Q: What will your talk be about, exactly? Why this topic? And what do you hope to accomplish by giving this talk? What do you expect?
In short: It’s time to start over and say hello again.
Since HipHop first debuted at FOSDEM 2010, its gone through some profound, and sometimes rocky, changes. We went a little dark for awhile leading some to think that development on it within Facebook had stopped. The good news is that this couldn’t be further from the truth. For the past six months or so we’ve been reestablishing our OSS footprint, addressing the sore points of language parity, and getting back into the rhythm of sharing our hard work in a timely manner.

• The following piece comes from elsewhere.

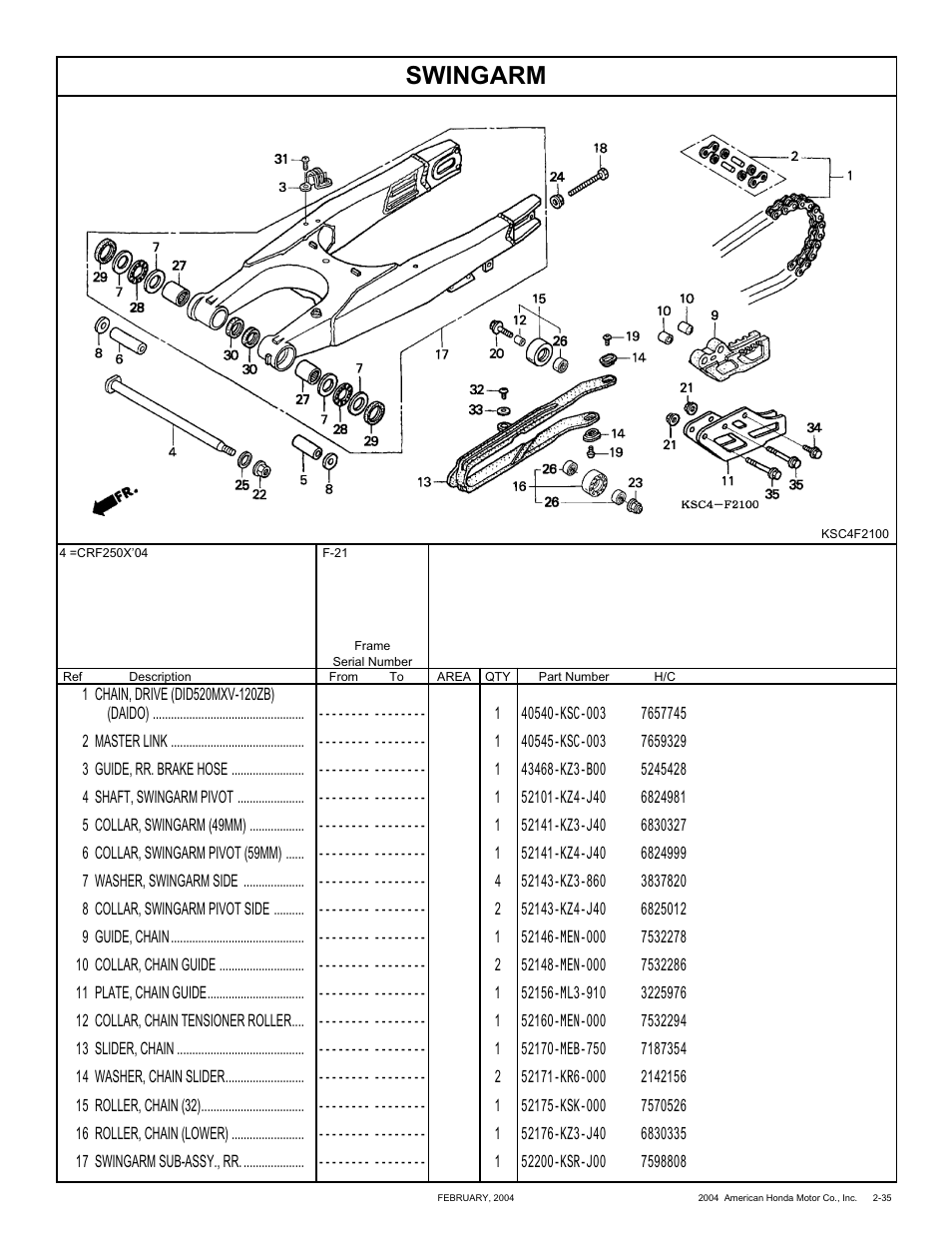 Swingarm | HONDA CRF250X'04 User Manual | Page 81 / 118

Most importantly though, is that we’ve spent the past couple years redesigning how HipHop works from the ground up. We heard, and felt first hand, the agony of compiling source between every minor code revision, pushing monolithic binaries, and dealing with the frustration of a development environment which sometimes behaves differently than production. HipHop is now as easy to use for development as PHP, but with all the performance you expect from compiled code.

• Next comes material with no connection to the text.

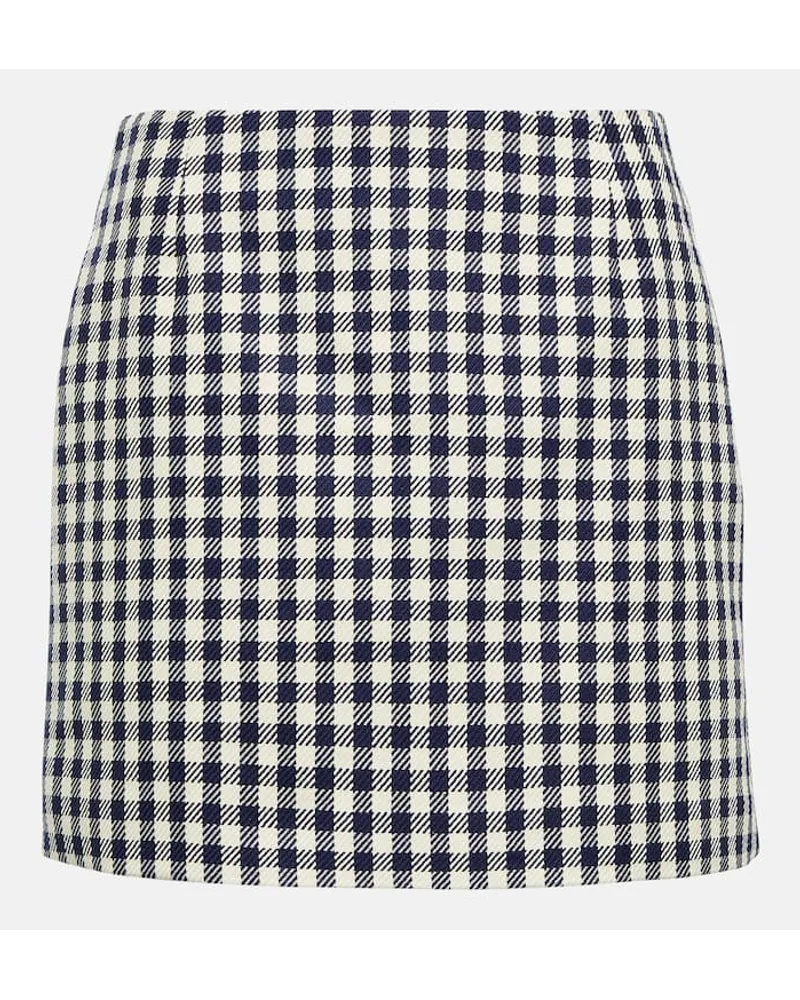 AMI Paris Minigonna in lana e cotone a quadri Blu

Yet when a PHP developer is asked if they’ve tried HipHop, their answer typically reveals that they’re thinking of the old HipHop. So it’s time to start fresh, and that’s what I hope this talk will do. I’ll spend some time describing the new design and how it fits into existing workflows, walk through setting up a new system, and go into a little bit of the theory to explain why we’re able to outperform standard PHP so strongly.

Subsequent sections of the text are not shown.